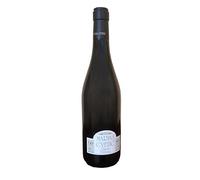 Marina Cvetic Trebbiano d'Abruzzo DOC Riserva 2016 - Vino Bianco Abruzzese di Struttura (750ml, 14,5% Vol)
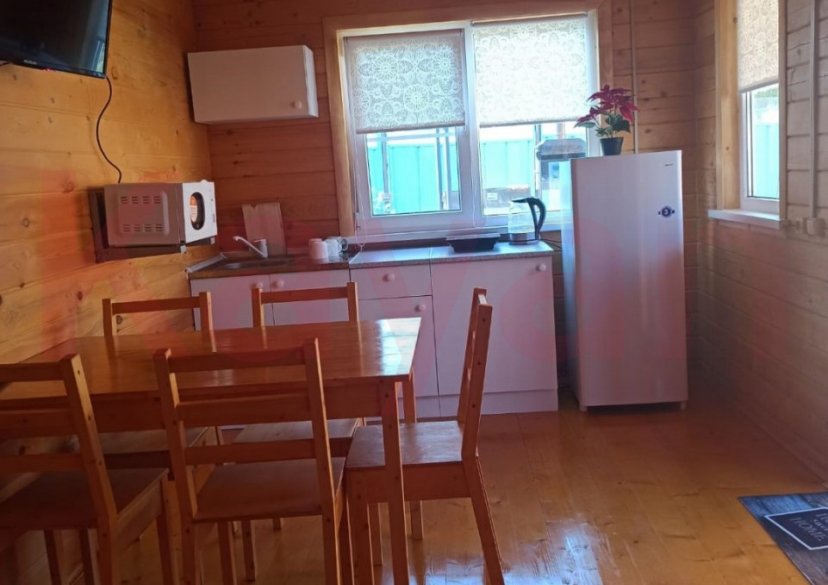 Продажа коммерции, 432 кв.м (Пансионат) фото 14 Продажа коммерции, 432 кв.м (Пансионат) фото 14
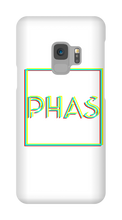ladyphas Samsung Phone Cases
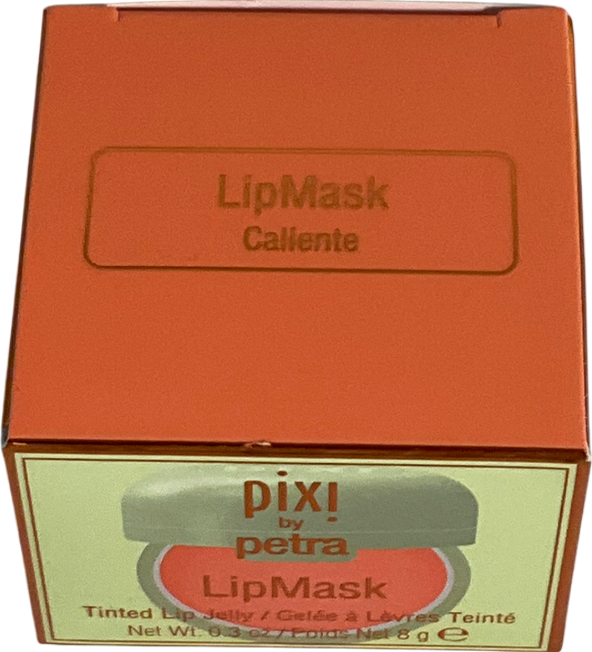 Pixi Lipmask Caliente 8g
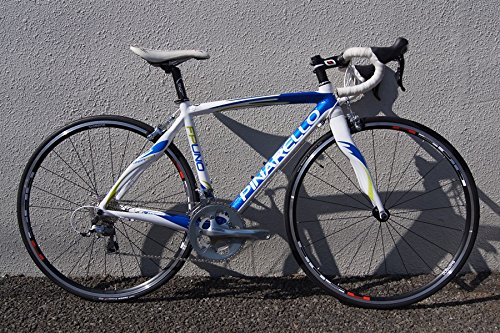 PINARELLO FPUNO ピナレロ　ロードバイク SHIMANO SORA s0UrM4OOKwnRR2jEGrop1ZpFTCtIzJ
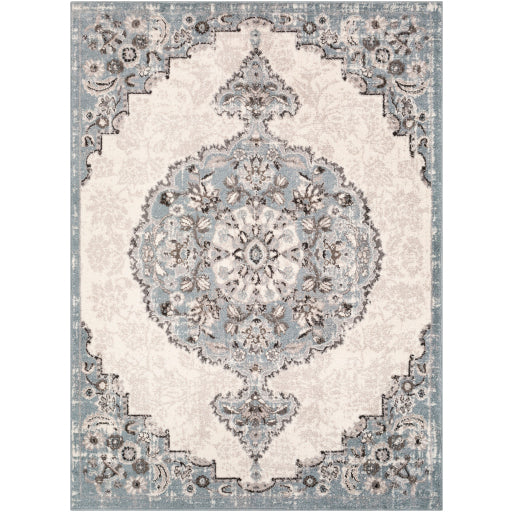 Nwc-2317 - Norwich - Rugs - ReeceFurniture.com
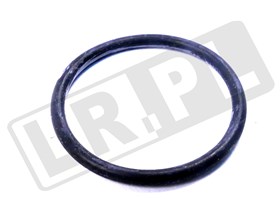 ORING JAGUAR X-TYPE C2S22458GEN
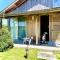 Gubo Satoyama Suite Lodge & Camp - Vacation STAY 39507v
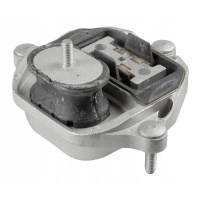 Lemforder 43231 01 подушка кпп audi a4 b8 a5
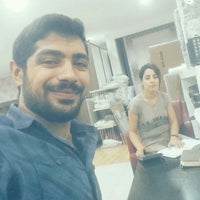 Rengin Mobilya Outlet Mobilya Modelleri
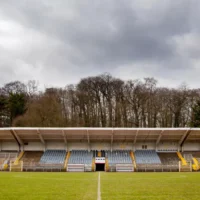 Leuven KFC Diest declares bankruptcy amid €400K debt crisis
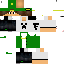 Texture for sdadasdas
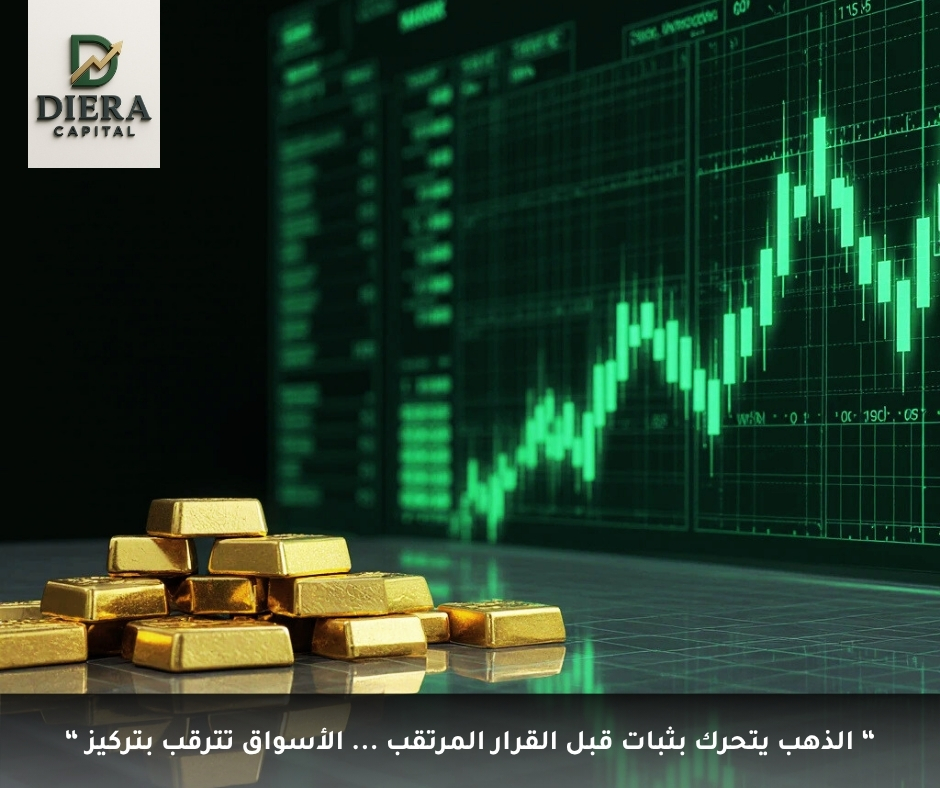 الدولار الأمريكي يتراجع مع استمرار الإغلاق الحكومي وتأثير ضعف البيانات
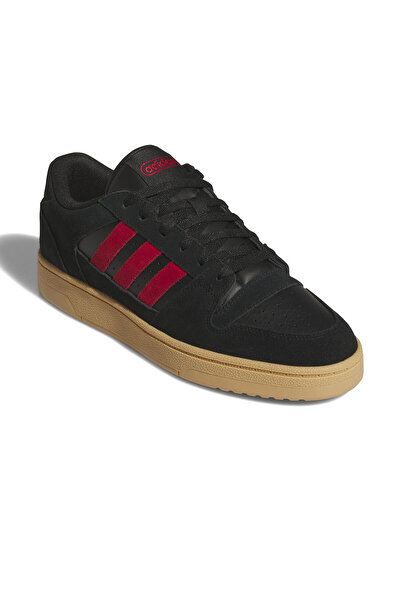 adidas Break Start Premium Low Unisex Casual Shoes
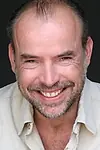 Актёр Джером Райт — превью фото персоны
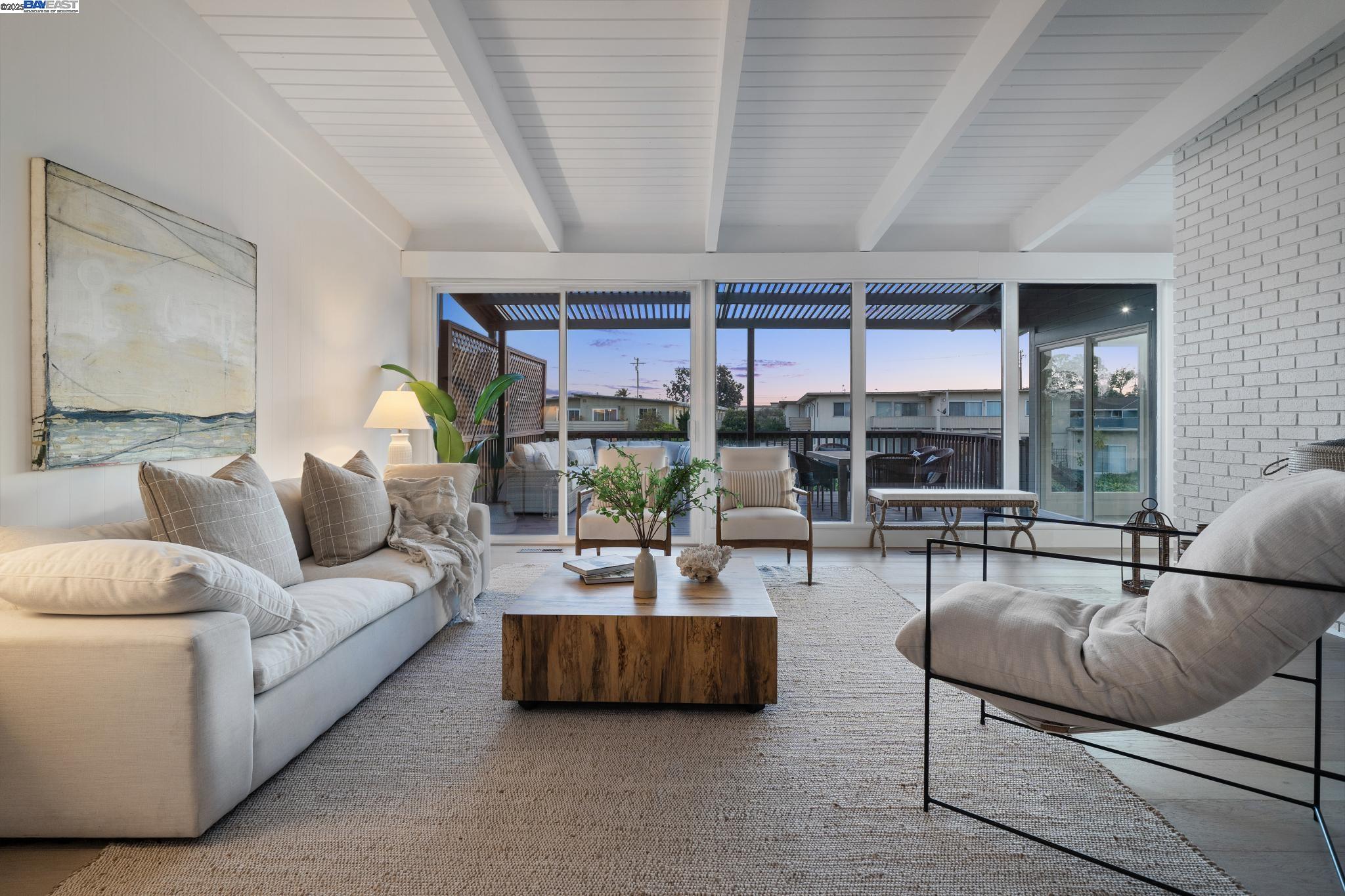 Detail Gallery Image 42 of 60 For 853 Cedar St, Alameda,  CA 94501 - 4 Beds | 2 Baths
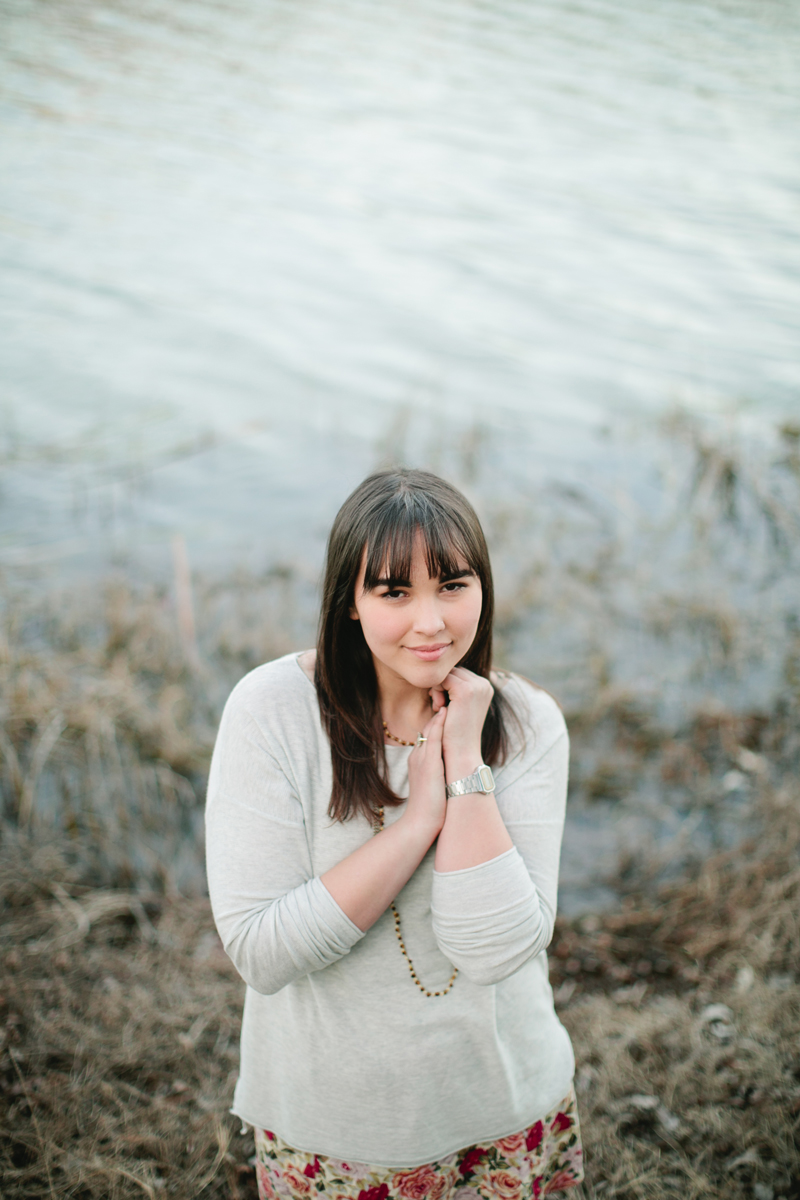 waco senior portraits _15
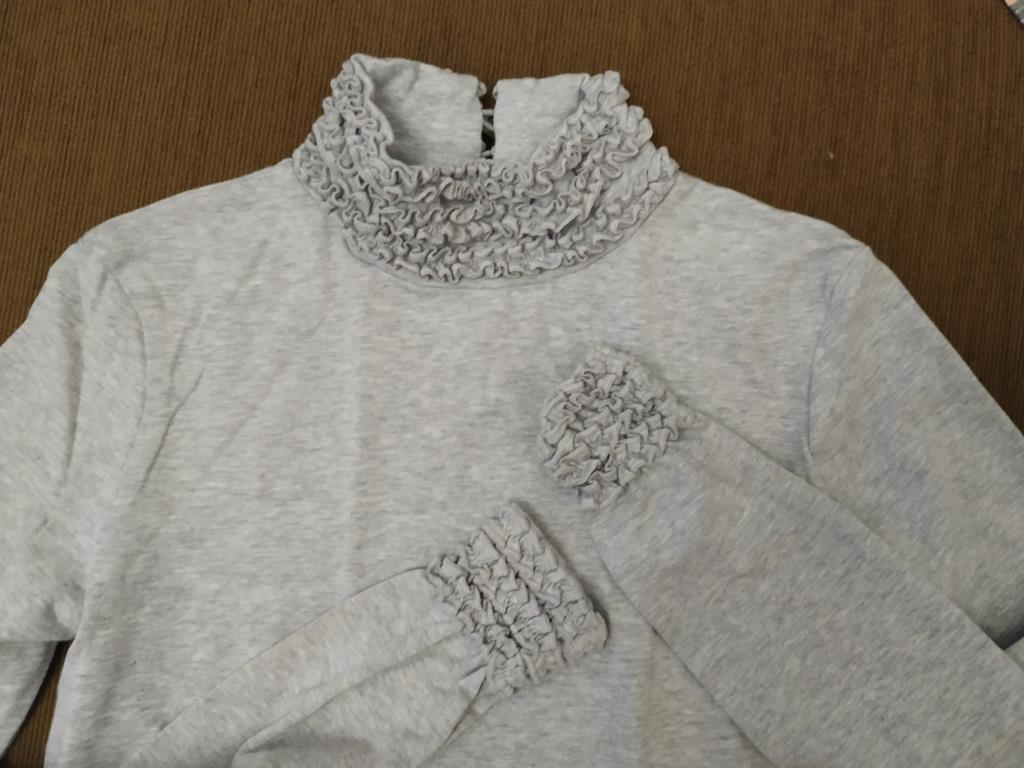 картинки. Картинки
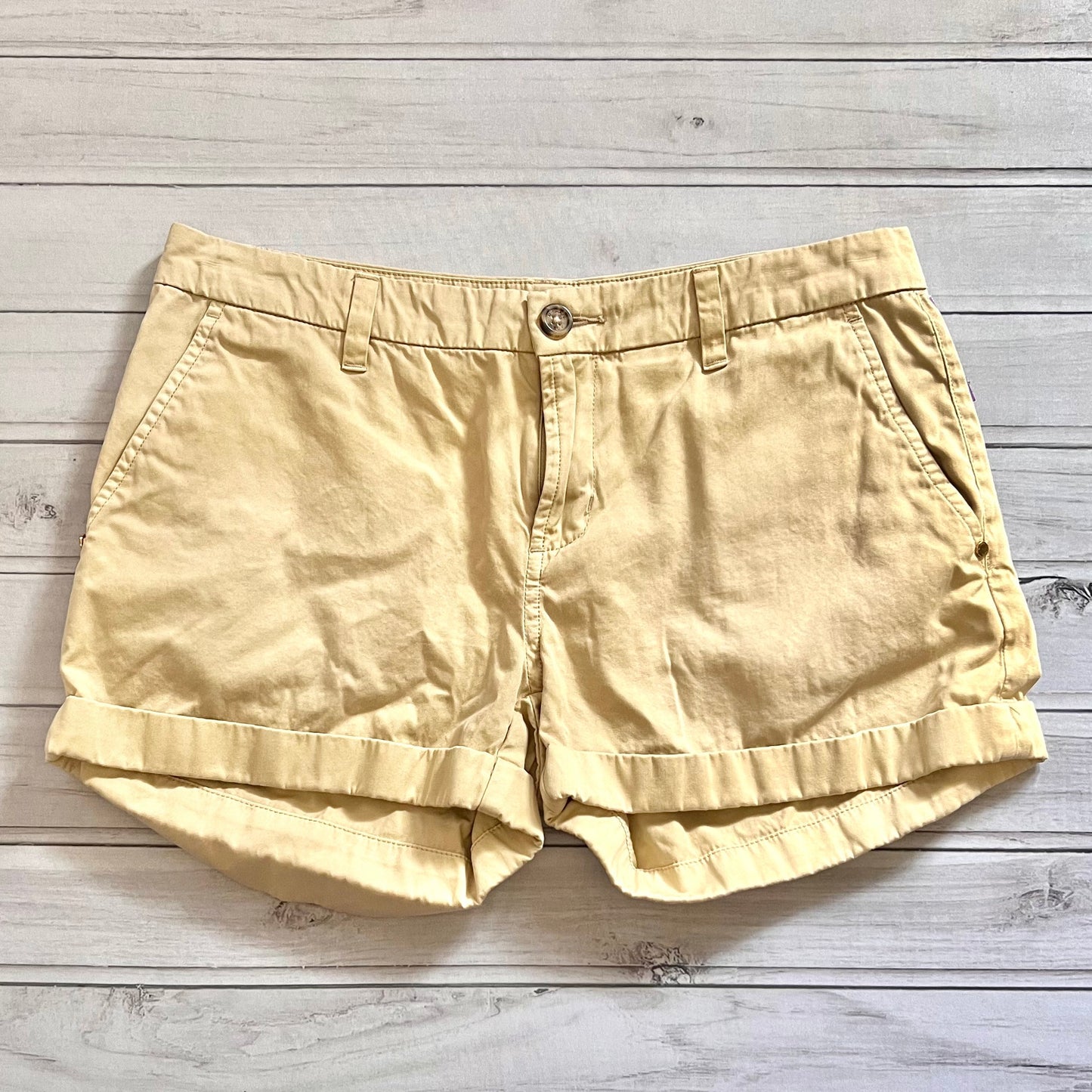 Shorts By Michael By Michael Kors  Size: 2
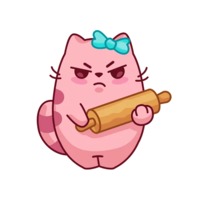 Я-кот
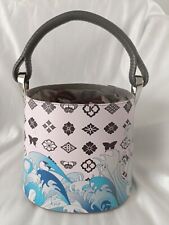 Sac kenzo pagodon d'occasion  Sainte-Foy-d'Aigrefeuille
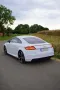 Audi TT Coupe 1.8 TFSI -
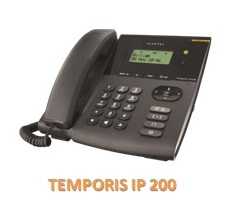 temporis_ip_200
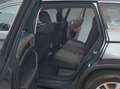 Skoda Kodiaq 2.0 TDI Style*7-SITZER*NAVI*LED*AHK*PARKASSIST*... Grau - thumbnail 15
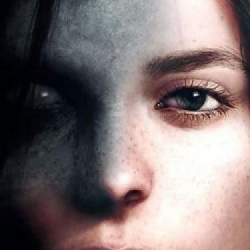 Świat przygodówek #137 - Intruder in Antiquonia i MADiSON po debiucie, Martha is Dead z nagrodą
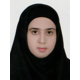 دکتر نفیسه مینابیان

■ Directions for this task ■
The answer should be an exact restatement of every entry, with the pictures omitted.

■ Solution below ■
 Marina Cvetic Trebbiano d'Abruzzo DOC Riserva 2016 - Vino Bianco Abruzzese di Struttura (750ml, 14,5% Vol)
 Продажа коммерции, 432 кв.м (Пансионат) фото 14 Продажа коммерции, 432 кв.м (Пансионат) фото 14
ladyphas Samsung Phone Cases
 Pixi Lipmask Caliente 8g
 PINARELLO FPUNO ピナレロ　ロードバイク SHIMANO SORA s0UrM4OOKwnRR2jEGrop1ZpFTCtIzJ
 Nwc-2317 - Norwich - Rugs - ReeceFurniture.com
 ORING JAGUAR X-TYPE C2S22458GEN
 Gubo Satoyama Suite Lodge & Camp - Vacation STAY 39507v
 Lemforder 43231 01 подушка кпп audi a4 b8 a5
 Rengin Mobilya Outlet Mobilya Modelleri
 Leuven KFC Diest declares bankruptcy amid €400K debt crisis
 Texture for sdadasdas
 الدولار الأمريكي يتراجع مع استمرار الإغلاق الحكومي وتأثير ضعف البيانات
 adidas Break Start Premium Low Unisex Casual Shoes
 Актёр Джером Райт — превью фото персоны
 Detail Gallery Image 42 of 60 For 853 Cedar St, Alameda,  CA 94501 - 4 Beds | 2 Baths
 waco senior portraits _15
 картинки. Картинки
 Shorts By Michael By Michael Kors  Size: 2
 Я-кот
 Sac kenzo pagodon d'occasion  Sainte-Foy-d'Aigrefeuille
 Audi TT Coupe 1.8 TFSI -
 temporis_ip_200
 Skoda Kodiaq 2.0 TDI Style*7-SITZER*NAVI*LED*AHK*PARKASSIST*... Grau - thumbnail 15
 Świat przygodówek #137 - Intruder in Antiquonia i MADiSON po debiucie, Martha is Dead z nagrodą
 دکتر نفیسه مینابیان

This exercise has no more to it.